I discussed my previous post on O_DIRECT_NO_FSYNC with the InnoDB team and they fixed my understanding of a few parts of the code that contribute to the stalls I have been reporting.  We also discussed a problem I have been ignoring. The InnoDB code that does an fsync for a tablespace (fil_flush) can make a thread sleep when there are concurrent attempts to do the fsync. The amount of time to sleep, 20 milliseconds, was probably chosen in 1995. It is too long for fast storage including HW RAID cards with battery backed write cache and flash-based devices.
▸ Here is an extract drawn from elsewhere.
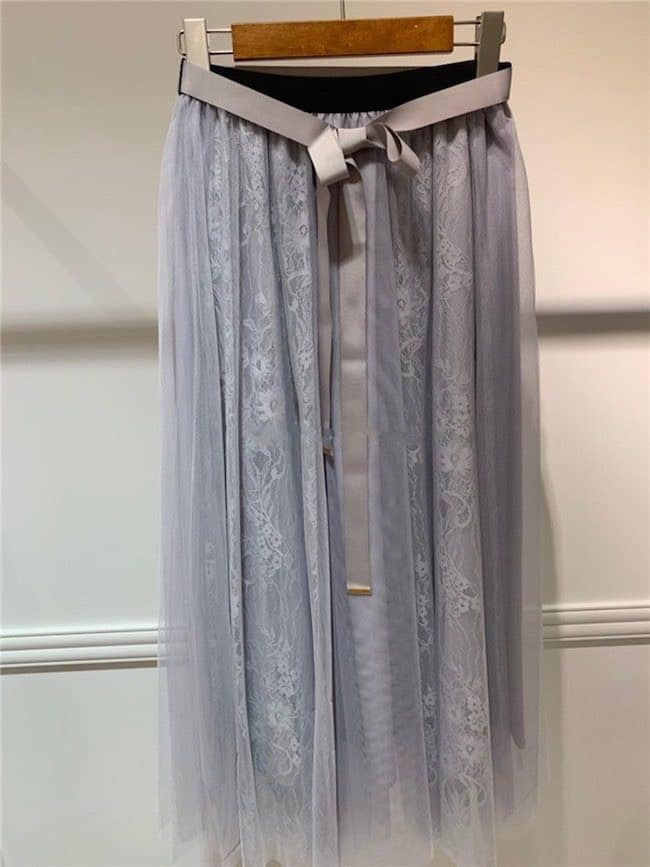 Thumbnail: 🇯🇵日本品牌🌟 這件紗裙也太～～美了吧👏🏻 （尖叫～～～） 料子好柔軟 不會刺刺的😍 內裏還有造型喔💎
I created bug 68588 for the call to sleep and today I have performance numbers to share from MySQL 5.6.10. The workload is the same as described in the previous post. Three binaries were tested:

  • O_DIRECT,condvar – use innodb_flush_method=O_DIRECT and patch the binary to use condition variable waits rather than sleep when there are concurrent threads in fil_flush.
  • O_DIRECT,sleep – use innodb_flush_method=O_DIRECT
  • O_DIRECT_NO_FSYNC – use innodb_flush_method=O_DIRECT_NO_FSYNC

updates/second for update 1 row by PK via sysbench
    8      16      32      64     128     256   concurrent clients
18234   23513   22542   21967   21941   22135   O_DIRECT,condvar
18382   25290   10464    9868   10059   10917   O_DIRECT,sleep
18237   26332   30318   29695   29633   29380   O_DIRECT_NO_FSYNC

There is still a benefit from using O_DIRECT_NO_FSYNC but the difference is less significant. I didn’t see any obvious stalls when using PMP with the O_DIRECT,condvar binary. However, at test end the average rate for innodb_pages_written was about 19,000/second for O_DIRECT,condvar versus 24,000/second for O_DIRECT_NO_FSYNC. My explanation at this point is that the page cleaner thread is able to write pages faster when it doesn’t have to wait to call fsync and go through fil_flush().